**Directions**
In the records below, locate the line containing "A Moroccan Nordic", then output that line and all later lines exactly, through the last one.

Dataset excerpts:
------------------------
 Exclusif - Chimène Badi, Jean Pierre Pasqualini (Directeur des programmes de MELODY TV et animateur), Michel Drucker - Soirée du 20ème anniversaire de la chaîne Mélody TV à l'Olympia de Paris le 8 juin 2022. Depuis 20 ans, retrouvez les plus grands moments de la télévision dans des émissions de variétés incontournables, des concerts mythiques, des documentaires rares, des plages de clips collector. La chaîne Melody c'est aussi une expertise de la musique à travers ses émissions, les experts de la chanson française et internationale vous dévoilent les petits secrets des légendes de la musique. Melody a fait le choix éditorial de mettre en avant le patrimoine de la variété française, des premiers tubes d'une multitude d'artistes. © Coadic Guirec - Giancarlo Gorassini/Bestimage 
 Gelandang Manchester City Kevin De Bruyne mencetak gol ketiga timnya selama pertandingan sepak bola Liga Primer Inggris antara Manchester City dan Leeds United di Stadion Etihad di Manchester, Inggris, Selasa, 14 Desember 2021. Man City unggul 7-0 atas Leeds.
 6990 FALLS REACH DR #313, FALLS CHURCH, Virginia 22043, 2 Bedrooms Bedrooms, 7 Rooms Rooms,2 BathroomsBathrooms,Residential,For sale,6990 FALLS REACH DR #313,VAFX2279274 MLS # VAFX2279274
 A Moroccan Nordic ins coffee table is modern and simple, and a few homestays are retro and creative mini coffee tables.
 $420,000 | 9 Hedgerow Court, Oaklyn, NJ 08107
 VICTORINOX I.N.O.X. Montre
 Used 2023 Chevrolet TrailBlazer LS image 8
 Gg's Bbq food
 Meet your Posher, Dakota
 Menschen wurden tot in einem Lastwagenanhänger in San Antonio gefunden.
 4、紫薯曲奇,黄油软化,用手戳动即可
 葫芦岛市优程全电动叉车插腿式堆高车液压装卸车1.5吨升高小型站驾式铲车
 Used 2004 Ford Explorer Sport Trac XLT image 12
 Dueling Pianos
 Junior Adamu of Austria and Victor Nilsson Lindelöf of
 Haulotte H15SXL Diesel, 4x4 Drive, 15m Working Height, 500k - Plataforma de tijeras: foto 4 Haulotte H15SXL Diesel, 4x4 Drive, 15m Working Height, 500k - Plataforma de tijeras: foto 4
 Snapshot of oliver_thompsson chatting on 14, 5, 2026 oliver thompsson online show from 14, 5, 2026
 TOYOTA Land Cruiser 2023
------------------------
**Exercise result**
 A Moroccan Nordic ins coffee table is modern and simple, and a few homestays are retro and creative mini coffee tables.
 $420,000 | 9 Hedgerow Court, Oaklyn, NJ 08107
 VICTORINOX I.N.O.X. Montre
 Used 2023 Chevrolet TrailBlazer LS image 8
 Gg's Bbq food
 Meet your Posher, Dakota
 Menschen wurden tot in einem Lastwagenanhänger in San Antonio gefunden.
 4、紫薯曲奇,黄油软化,用手戳动即可
 葫芦岛市优程全电动叉车插腿式堆高车液压装卸车1.5吨升高小型站驾式铲车
 Used 2004 Ford Explorer Sport Trac XLT image 12
 Dueling Pianos
 Junior Adamu of Austria and Victor Nilsson Lindelöf of
 Haulotte H15SXL Diesel, 4x4 Drive, 15m Working Height, 500k - Plataforma de tijeras: foto 4 Haulotte H15SXL Diesel, 4x4 Drive, 15m Working Height, 500k - Plataforma de tijeras: foto 4
 Snapshot of oliver_thompsson chatting on 14, 5, 2026 oliver thompsson online show from 14, 5, 2026
 TOYOTA Land Cruiser 2023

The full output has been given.